Daki Napata, a Baptist minister and community activist, says he will fast until a blueprint to fight racism in the city is adopted.
"I'm committed to fast until that positive plan of action happens," Napata said yesterday, some 19 hours into a fast he began Tuesday. "Hopefully, this will happen Friday night."
Tomorrow, city officials, representatives of various ethnic groups and the public will participate in the first summit on race relations in Baltimore. More than 1,300 people are expected at the morning and evening sessions at the Baltimore Convention Center. There also will be workshops.
Napata said he's counting on the summit to be a forum of "honest discussion" between various ethnic and religious groups.
"In 1990 . . . I think an African-American in Baltimore City should be able to go where he chooses in the city without the fear of violence," Napata said, adding the same ought to be the case for members of all races.
Napata said Skinheads and "Archie Bunker-types" aren't the only racists.
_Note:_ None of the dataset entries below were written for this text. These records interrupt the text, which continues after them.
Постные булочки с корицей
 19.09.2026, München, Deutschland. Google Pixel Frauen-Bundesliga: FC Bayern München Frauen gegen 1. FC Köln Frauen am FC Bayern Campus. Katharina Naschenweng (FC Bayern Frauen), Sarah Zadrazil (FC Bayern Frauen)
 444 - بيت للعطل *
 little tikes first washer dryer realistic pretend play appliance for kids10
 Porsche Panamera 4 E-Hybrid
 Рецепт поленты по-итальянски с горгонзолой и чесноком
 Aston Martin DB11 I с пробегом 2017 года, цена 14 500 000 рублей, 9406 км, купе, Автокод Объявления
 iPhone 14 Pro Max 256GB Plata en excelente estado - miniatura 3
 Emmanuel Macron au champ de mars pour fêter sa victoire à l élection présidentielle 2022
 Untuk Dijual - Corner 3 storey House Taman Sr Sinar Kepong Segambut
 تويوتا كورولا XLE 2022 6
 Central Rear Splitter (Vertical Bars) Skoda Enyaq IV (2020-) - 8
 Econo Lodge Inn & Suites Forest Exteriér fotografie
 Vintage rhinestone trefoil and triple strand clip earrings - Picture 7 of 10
There are also those who "look very good, are polished professionals, who are also part of the problem."
Napata said he hopes city officials and the public will say, "No, we will not stand for this."
Napata blamed a number of factors, including the nation's weakening economy, as contributing to the resurgence in racism.
"There's no question, when there is an economic decline, people begin to look for scapegoats," said Napata, a minister at Union Baptist Church on Druid Hill Avenue.
Napata said he will fast until positive steps are taken to determine how the city, businesses, schools and the media will battle racism.
"To come away from the summit with flowery speeches and not get at the nuts and bolts . . . would be missing the point of the summit," he said.
Napata said he understands "one day is not an adequate amount of time to address the ills, but it is a beginning.
"To have a good summit would be a good [birthday] gift," said Napata, who will be 39 Sunday.